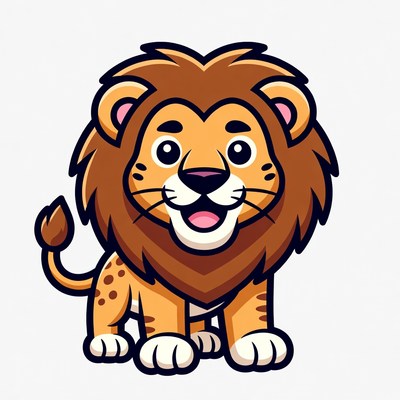 Cartoon Lion Smiling on White Background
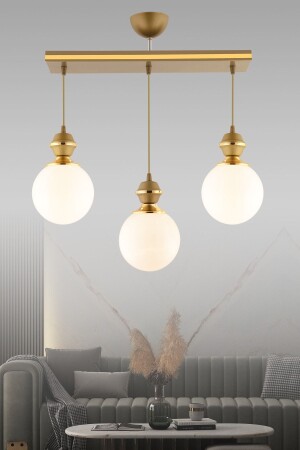 Berru 3 Lü Caka Eskitme Gold Yaldızlı Modern Aydınlatma 9 - GYK LİGHT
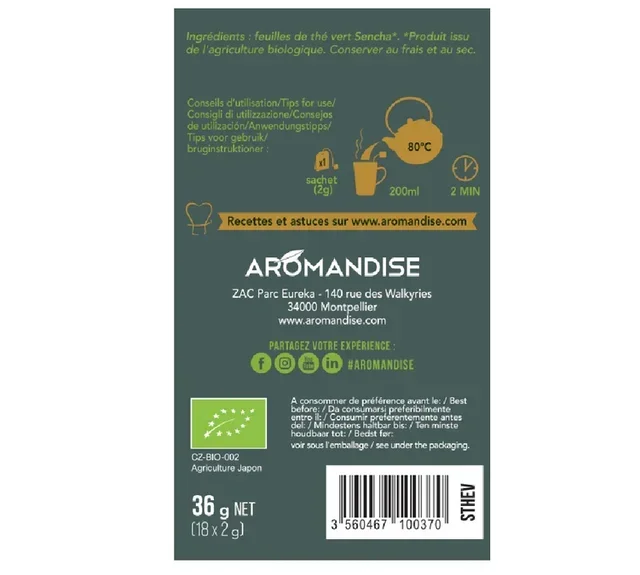 Luomu Sencha Vihreä Tee – 18 pussia | AROMANDISE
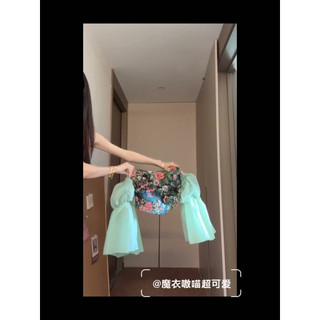 Phong cách Thái!Áo sơ mi thẩm mỹ cổ điển tay phồng hoa Niche Sling!]Tính khí T [Vai!Áo Vest đẹp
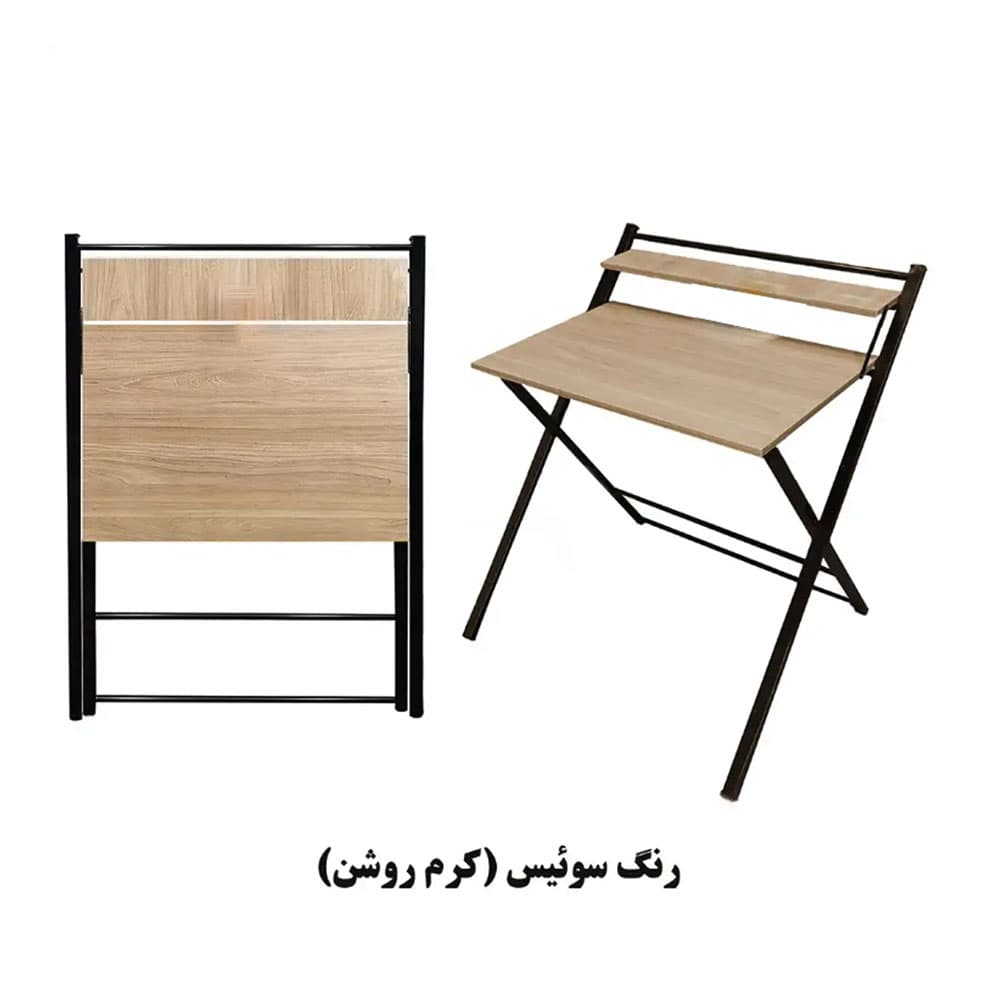 ست میز تحریر تاشو بزرگسال+صندلی السا مشکی — تصویر ۴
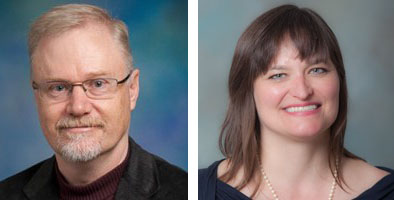 Side by side portrait photos of UC Davis psychology professors Steve Luck and Victoria Cross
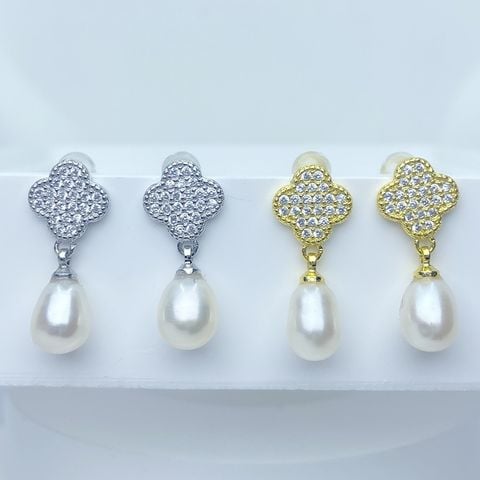 Bông Tai Ngọc Trai Tự Nhiên Cỏ Bốn Lá MADAME HIEN PEARLS Thời Trang Nữ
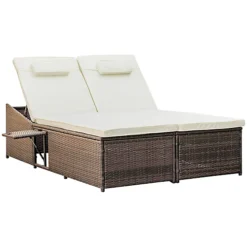Outsunny 2 Seater Double Rattan Sun Lounger Recliner Day Bed Wicker Weaver Sofa -Cheap Grow And Trim Store outsunny 2 seater double rattan sun lounger recliner day bed wicker weaver sofa5056029838310 02c MP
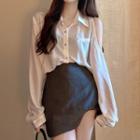 Long Sleeve Cold Shoulder Shirt / Asymmetrical Mini Skirt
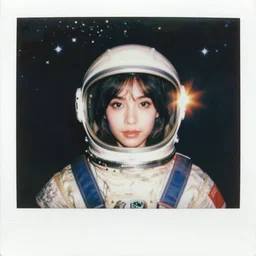 a polaroid portrait of a beautiful woman wearing a space helmet, starry background, bokeh, lit from behind, heavy film grain, color bleed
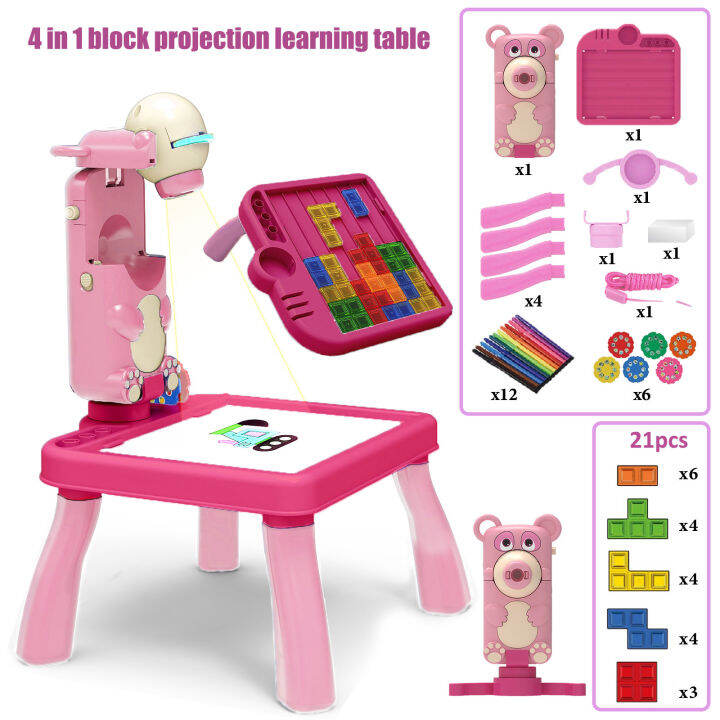 4-in1-drawing-projector-with-camera-drafting-table-kids-drawing-table-led-painting-desk-toys-for-children-educational-games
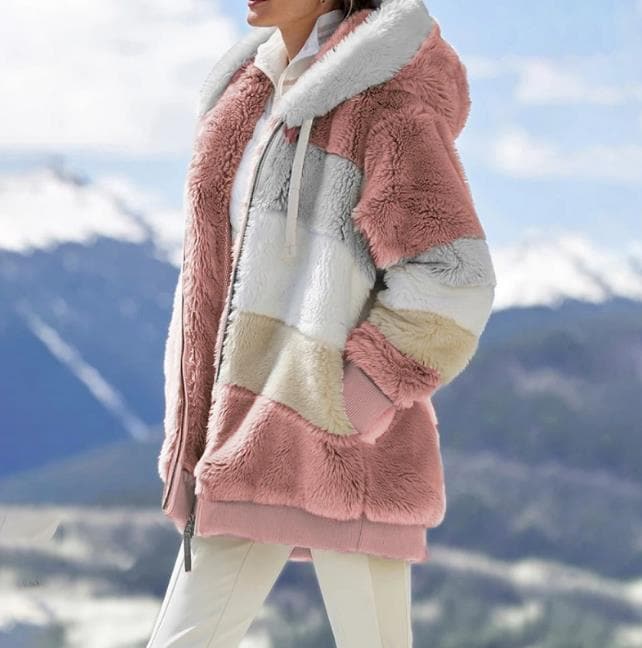 Damen Winterjacke | Gefütterte Kontrastjacke mit Kapuze und lockerer Passform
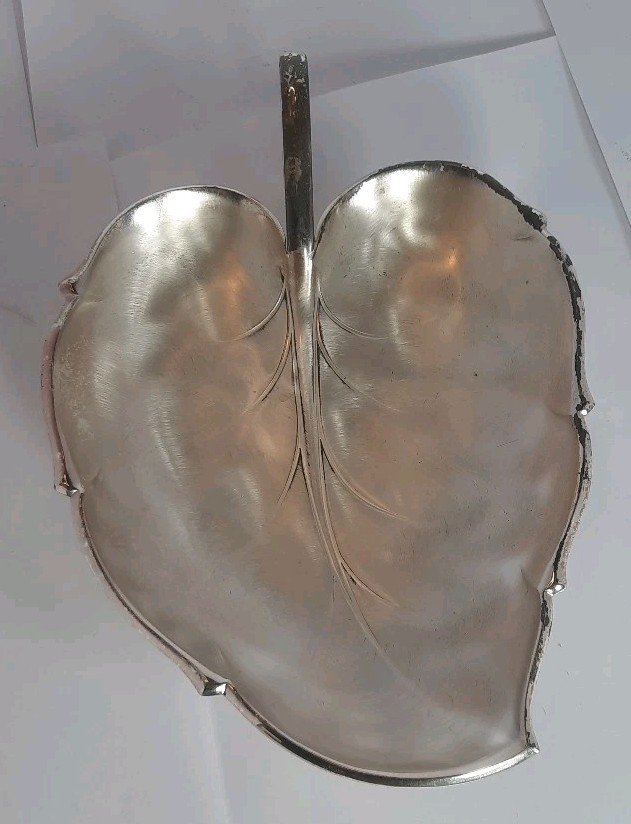 Vintage Silver Plated Leaf Shaped Footed Dish Candy dish Made In Western Germany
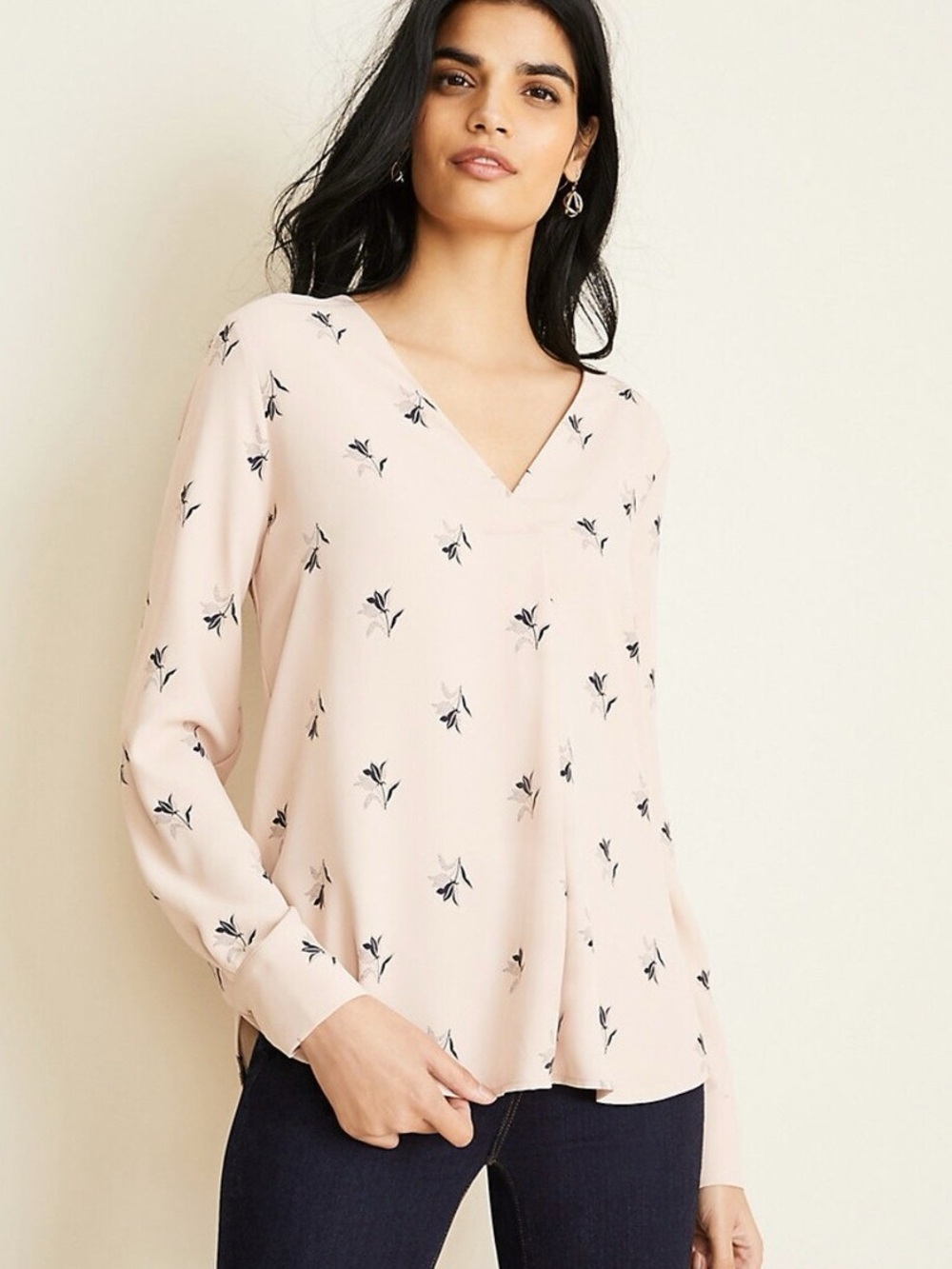 Light Pink Ann Taylor Floral Mixed Media Pleat Front Top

**What is expected**.
Where the data includes pictures, leave them out and write out everything else exactly.

**The answer**.
 Cartoon Lion Smiling on White Background
 Berru 3 Lü Caka Eskitme Gold Yaldızlı Modern Aydınlatma 9 - GYK LİGHT
 Luomu Sencha Vihreä Tee – 18 pussia | AROMANDISE
 Phong cách Thái!Áo sơ mi thẩm mỹ cổ điển tay phồng hoa Niche Sling!]Tính khí T [Vai!Áo Vest đẹp
 ست میز تحریر تاشو بزرگسال+صندلی السا مشکی — تصویر ۴
 Side by side portrait photos of UC Davis psychology professors Steve Luck and Victoria Cross
 Bông Tai Ngọc Trai Tự Nhiên Cỏ Bốn Lá MADAME HIEN PEARLS Thời Trang Nữ
Outsunny 2 Seater Double Rattan Sun Lounger Recliner Day Bed Wicker Weaver Sofa -Cheap Grow And Trim Store outsunny 2 seater double rattan sun lounger recliner day bed wicker weaver sofa5056029838310 02c MP
 Long Sleeve Cold Shoulder Shirt / Asymmetrical Mini Skirt
 a polaroid portrait of a beautiful woman wearing a space helmet, starry background, bokeh, lit from behind, heavy film grain, color bleed
 4-in1-drawing-projector-with-camera-drafting-table-kids-drawing-table-led-painting-desk-toys-for-children-educational-games
 Damen Winterjacke | Gefütterte Kontrastjacke mit Kapuze und lockerer Passform
 Vintage Silver Plated Leaf Shaped Footed Dish Candy dish Made In Western Germany
 Light Pink Ann Taylor Floral Mixed Media Pleat Front Top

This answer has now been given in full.